Clive Strong, the top water lawyer in the attorney general’s office and a Wendell native, can’t name one stretch. History will tie him to Swan Falls, though. He was assigned to the state’s defining water-rights case just three days into his job in 1983.

The repercussions are still in debate, and decisions Idaho judges could make soon will define Idaho’s future.

It took decades for us to learn that the river and the aquifer below it flow as one. How we decide to manage the intermingling surface and ground water will dictate how Idaho develops in the decades to come.

A river of power

The Snake River is wild at points and scenic at others, but it powers through more than two dozen dams and irrigates millions of acres. Hundreds of thousands of people live in its watershed. Millions fish, hunt and play in its waters.

Idaho’s iconic Len Jordon, a former governor and U.S. senator who ran a Hells Canyon sheep ranch with his wife, Grace, called the Snake a “working river.”

It still is, though its job is always changing.
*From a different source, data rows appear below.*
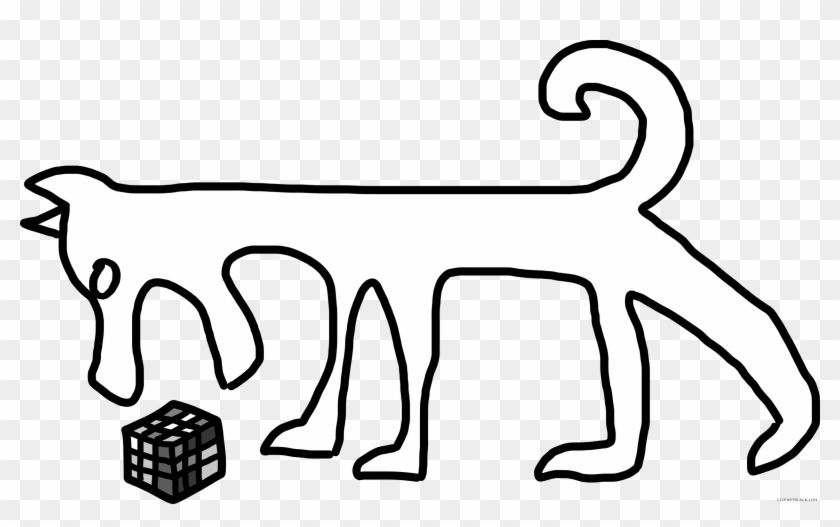 Dog Outline Animal Free Black White Clipart Images - Rubik's Cube #236550
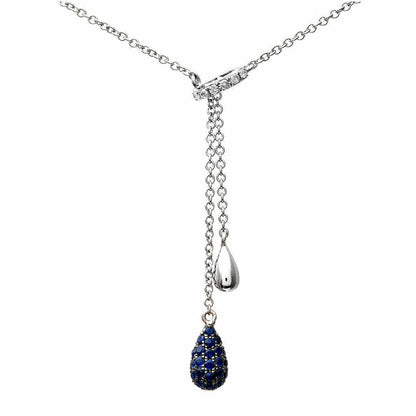 9ct White Gold  Diamond Sapphire Trickling Raindrop Necklace 16" - DP1AXL126WSA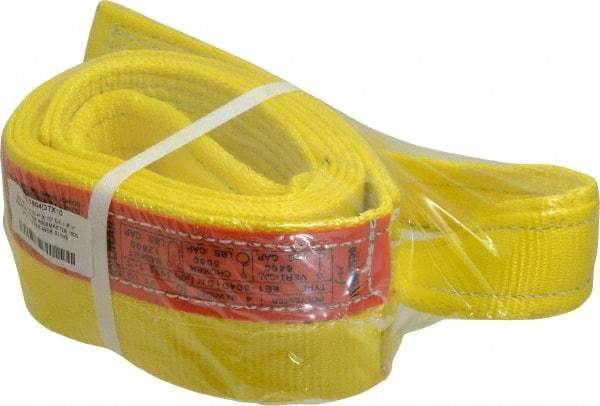 Lift-All - 10' Long x 4" Wide, 6,400 Lb Vertical Capacity, 1 Ply, Polyester Web Sling - 5,000 Lb Choker Capacity, Yellow - Benchmark Tooling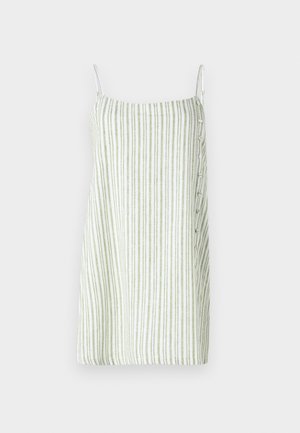 Abito a righe senza maniche in bianco e verde, caratterizzato da una silhouette dritta, una texture simile al lino e dettagli con bottoni sul lato.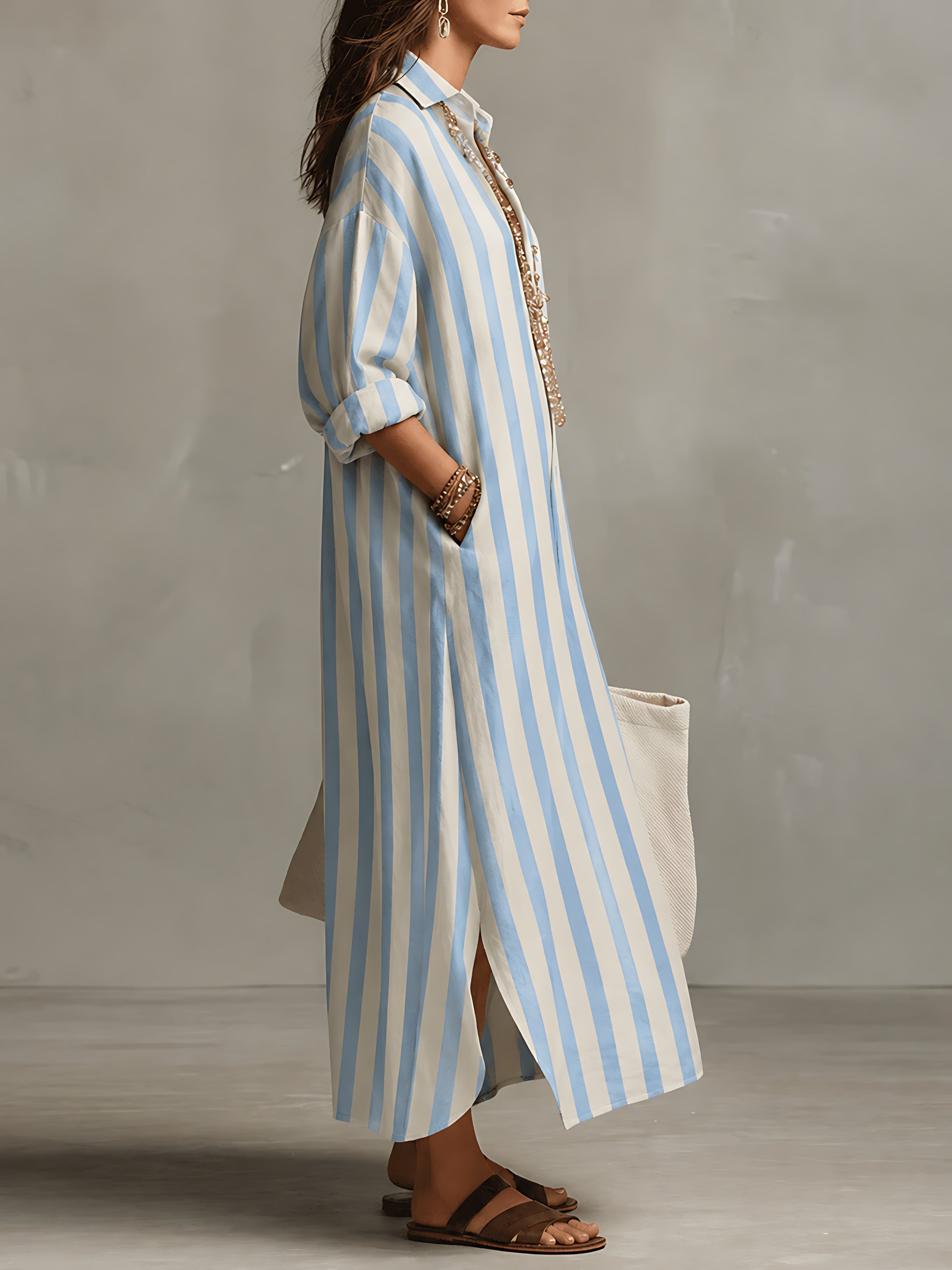 Paisley – Striped Long Sleeve Maxi Shirt Dress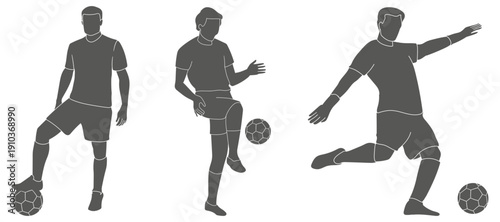 Soccer and football player silhouettes in action poses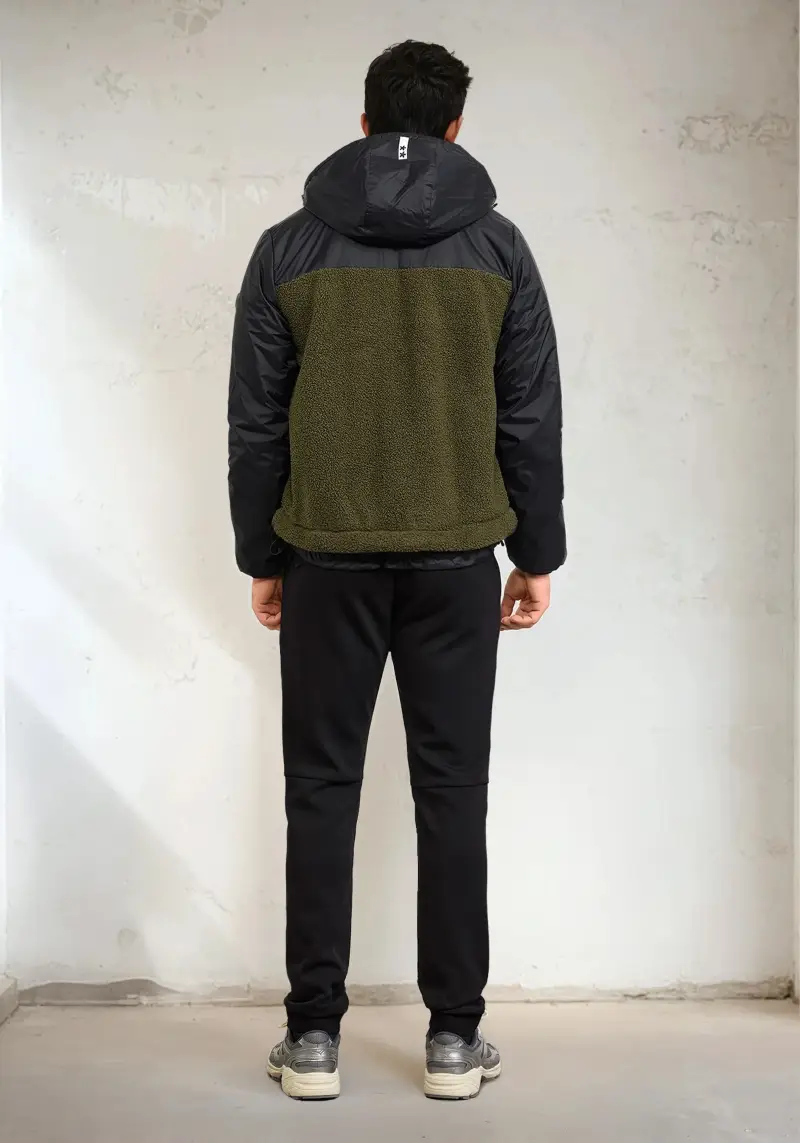 Giubbotto Imbottito con Cappuccio Uomo F**K Verde Militare M3200-MG miniatura 3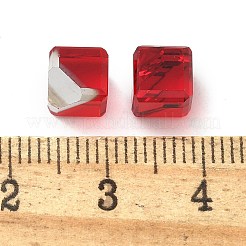 K9ガラス模造オーストリアクリスタルビーズ  穴がない  正方形  レッド  6x6x6mm&nbsp;GLAA-P069-01B-227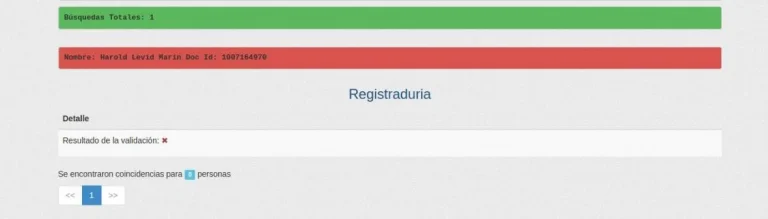 Consulta de Registraduría - Resultado Fallido para Validación de Documento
Baker, the Hells Canyon postman, now brings mail to more outfitters and vacation home-owners than he does sheep and cattle ranchers. The canyon was once surveyed for even more dams, but its economy now relies on salmon and steelhead.

A river of beauty

Unlike the Salmon River, which begins and ends in Idaho, we have to share the Snake. It flows from the mountains of Wyoming, cuts our border with Oregon and rolls into the Columbia in Washington.

The bulk of its beauty is ours, though. We have the stonefly hatch in Island Park, the mist at Mesa Falls. We have the ice-clear water at Thousand Springs, which helps the valley raise 95 percent of the nation’s farmed trout. We have the piercing call of the red-tail hawk that drew birdman Morley Nelson to the conservation area that may one day bear his name.

We have to share Hells Canyon, but Joni Bullock sees seven miles of the Idaho side every Wednesday, when she four-wheels down to meet Baker’s mail boat from the 28,000-acre ranch she, her husband, and their two teenage boys manage. The Snake is their lifeline for mail, milk and library books.

Every week, the canyon is different, she says. New wildflowers. New wild animals. At first, she couldn’t judge the vast distances. She couldn’t reckon her place in the gorge.

“The scope of the scenery,” she says, “my eyes had to adjust to it.”